● **What the task requires**: An exact copy of every record below is needed, with the pictures left out.
Extracted information: Begin
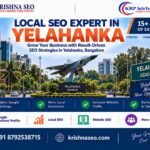 Best SEO Expert in Yelahanka, Bangalore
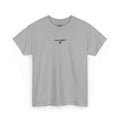 EMBROIDERED ANTHRACITE TSHIRT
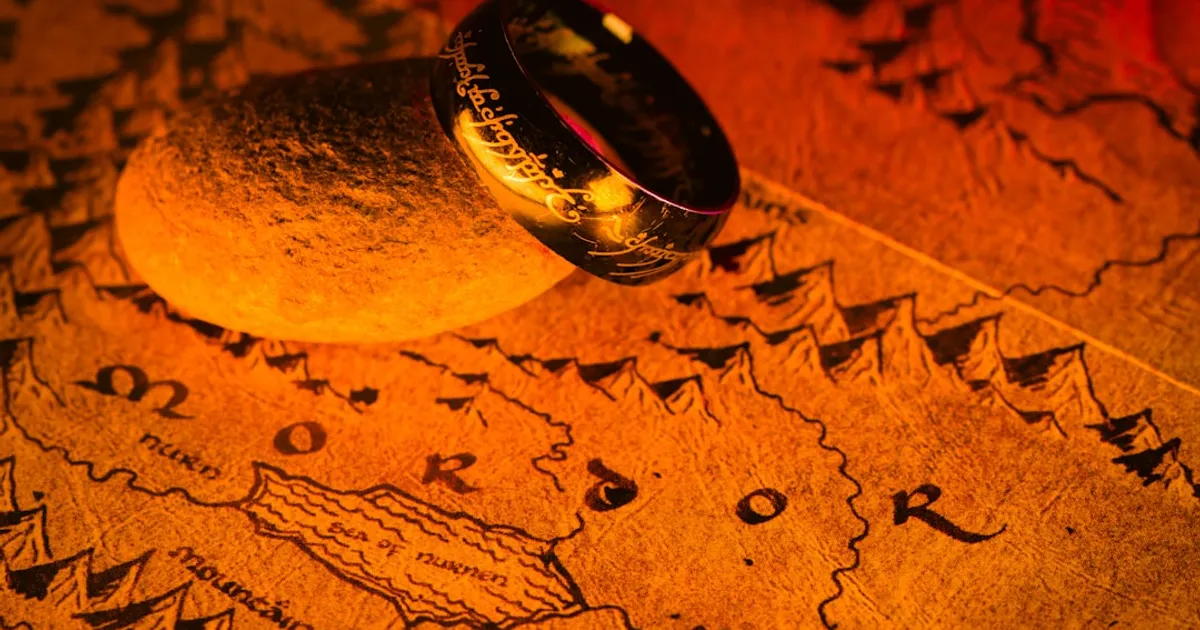 Moleskine's AI Tolkien Notebooks Invent Fake Middle-earth Locations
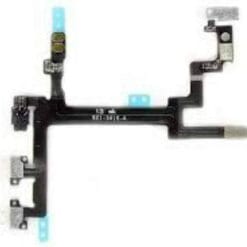 Nappe on/off, volume & vibreur iphone 5s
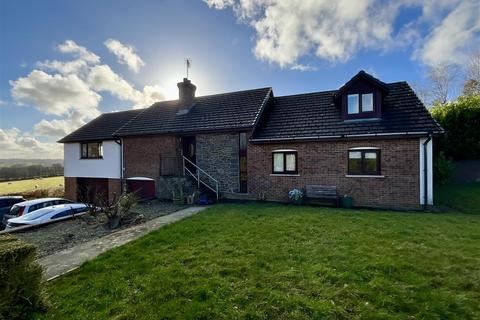 5 bedroom detached house for sale, Llangeitho, Tregaron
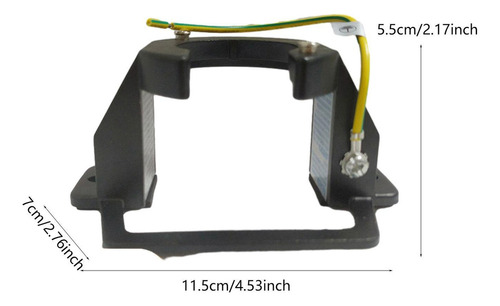 A Soporte De Montaje Para Ventilador De Techo, Base Para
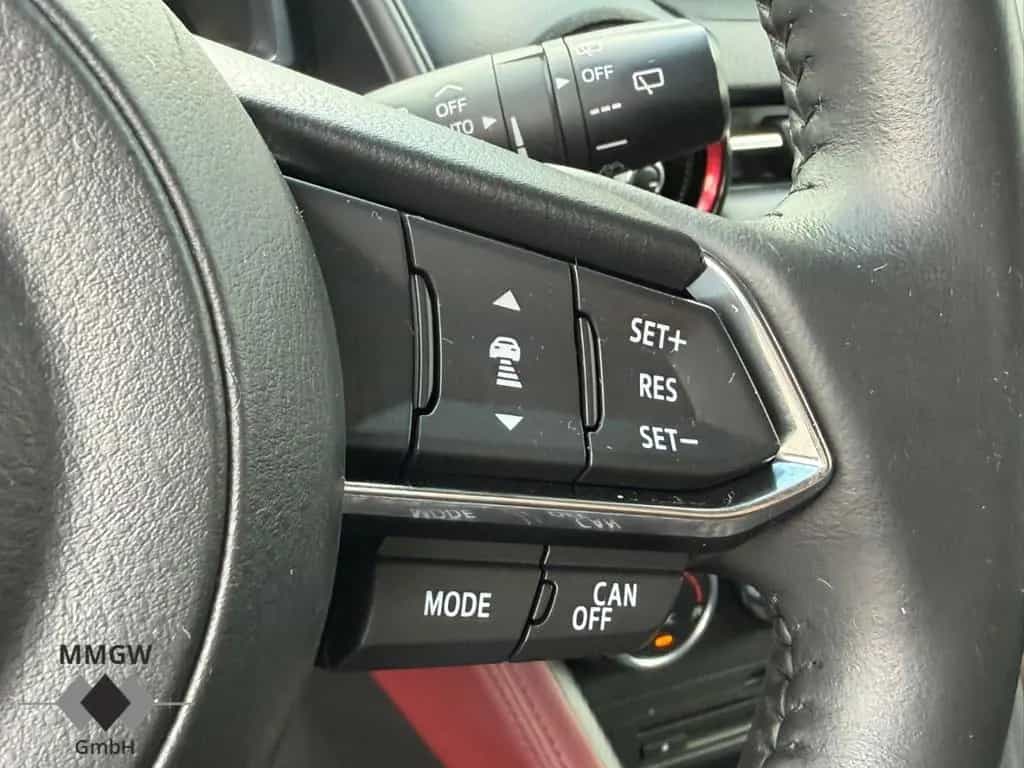 Mazda CX-3 Sports-Line AHK/HUD/LED/Klimaat/DAB/SHZ/Key 04/2018-photo-17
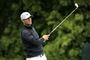Golfspilleren Lucas Bjerregaard er bedste danske kort efter første runde af majorturneringen British Open i Nordirland.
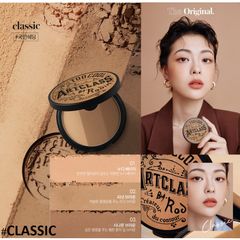 Phấn Tạo khối Too Cool For Cool #01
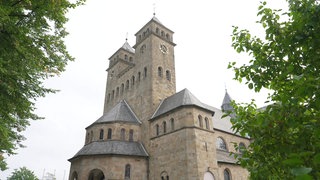 Die Herz-Jesu-Kirche in Münster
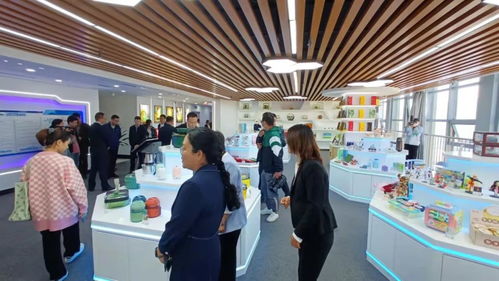 西寧城東區(qū)電商發(fā)展服務(wù)中心開幕暨帶路寶數(shù)字化供應(yīng)鏈選品展廳啟動(dòng)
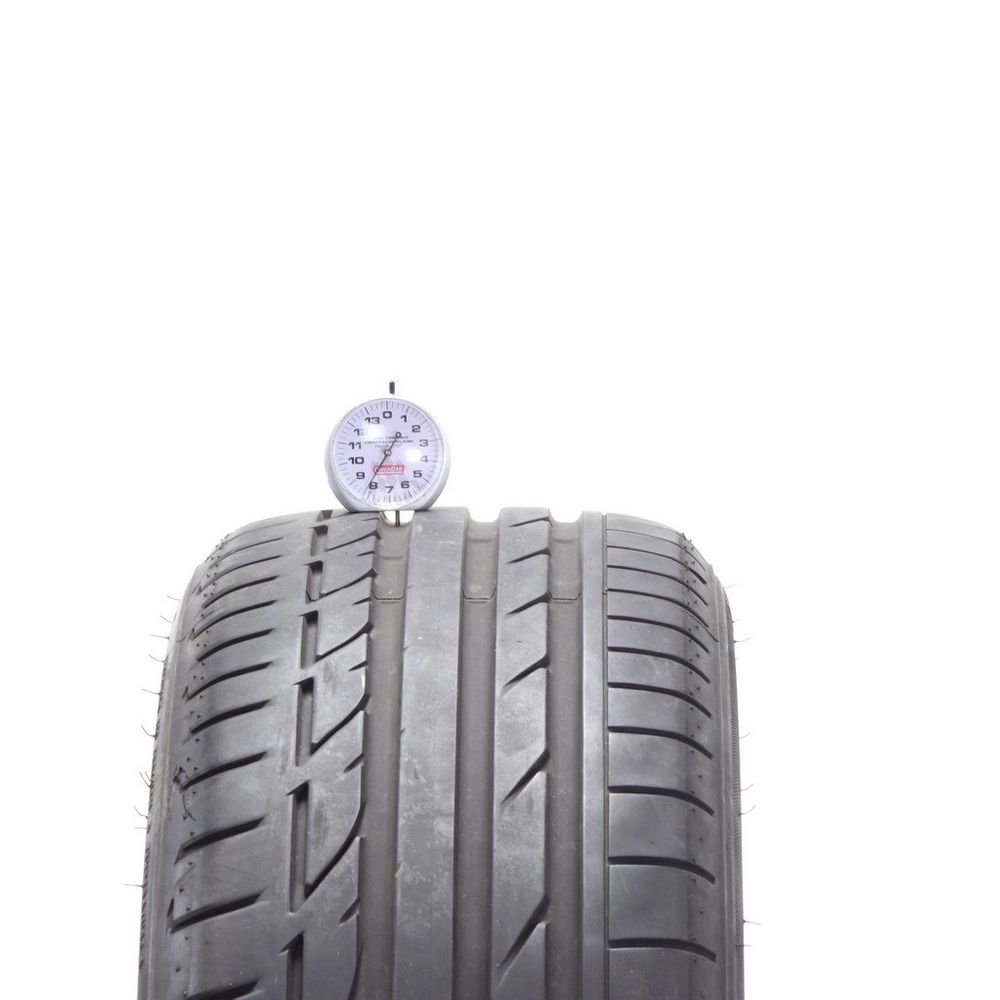 Set of (2) Used 225/45R19 Bridgestone Potenza S001 RFT 92W - 7-8/32 - Image 5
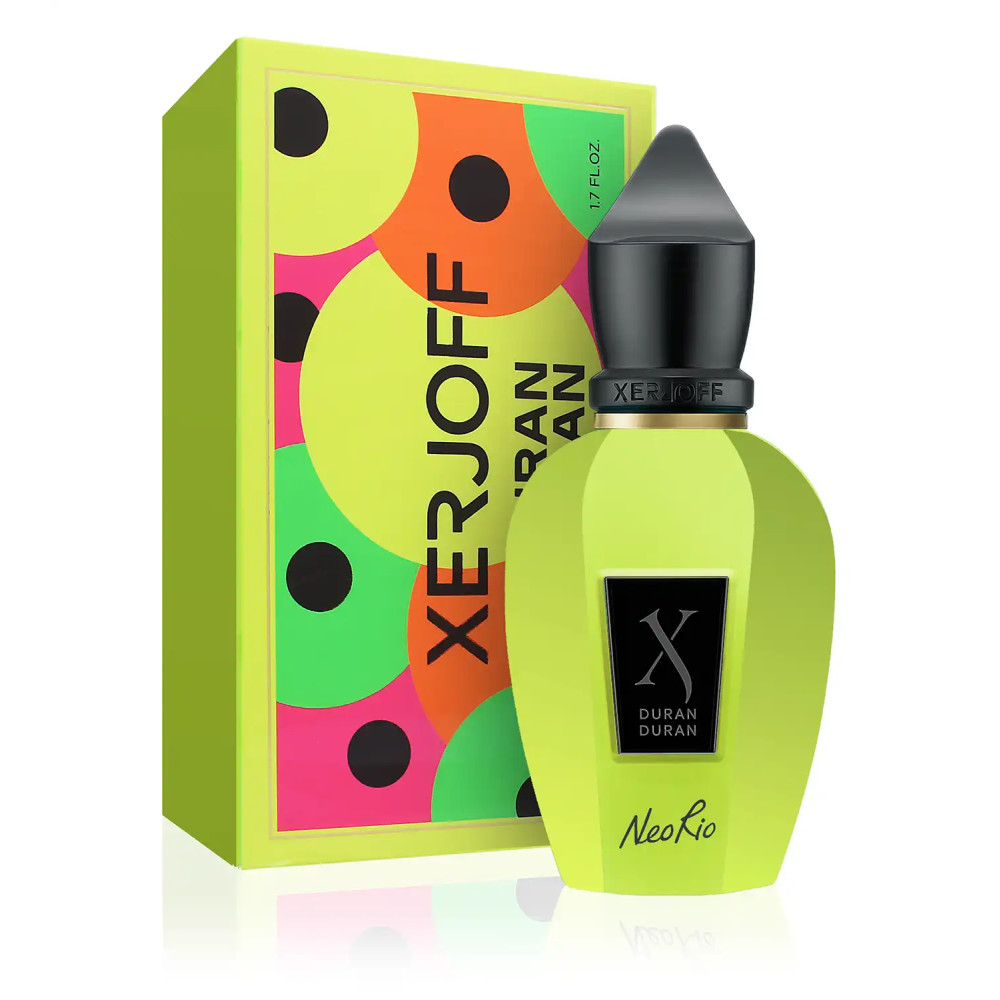 Produktbild för Xerjoff Duran Duran Neo Rio Yellow Parfum U 50ml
Extracted information: End
● **Response area**:
 Best SEO Expert in Yelahanka, Bangalore
 EMBROIDERED ANTHRACITE TSHIRT
 Moleskine's AI Tolkien Notebooks Invent Fake Middle-earth Locations
 Nappe on/off, volume & vibreur iphone 5s
 5 bedroom detached house for sale, Llangeitho, Tregaron
 A Soporte De Montaje Para Ventilador De Techo, Base Para
 Mazda CX-3 Sports-Line AHK/HUD/LED/Klimaat/DAB/SHZ/Key 04/2018-photo-17
Golfspilleren Lucas Bjerregaard er bedste danske kort efter første runde af majorturneringen British Open i Nordirland.
 Phấn Tạo khối Too Cool For Cool #01
 Die Herz-Jesu-Kirche in Münster
 西寧城東區(qū)電商發(fā)展服務(wù)中心開幕暨帶路寶數(shù)字化供應(yīng)鏈選品展廳啟動(dòng)
 Set of (2) Used 225/45R19 Bridgestone Potenza S001 RFT 92W - 7-8/32 - Image 5
 Produktbild för Xerjoff Duran Duran Neo Rio Yellow Parfum U 50ml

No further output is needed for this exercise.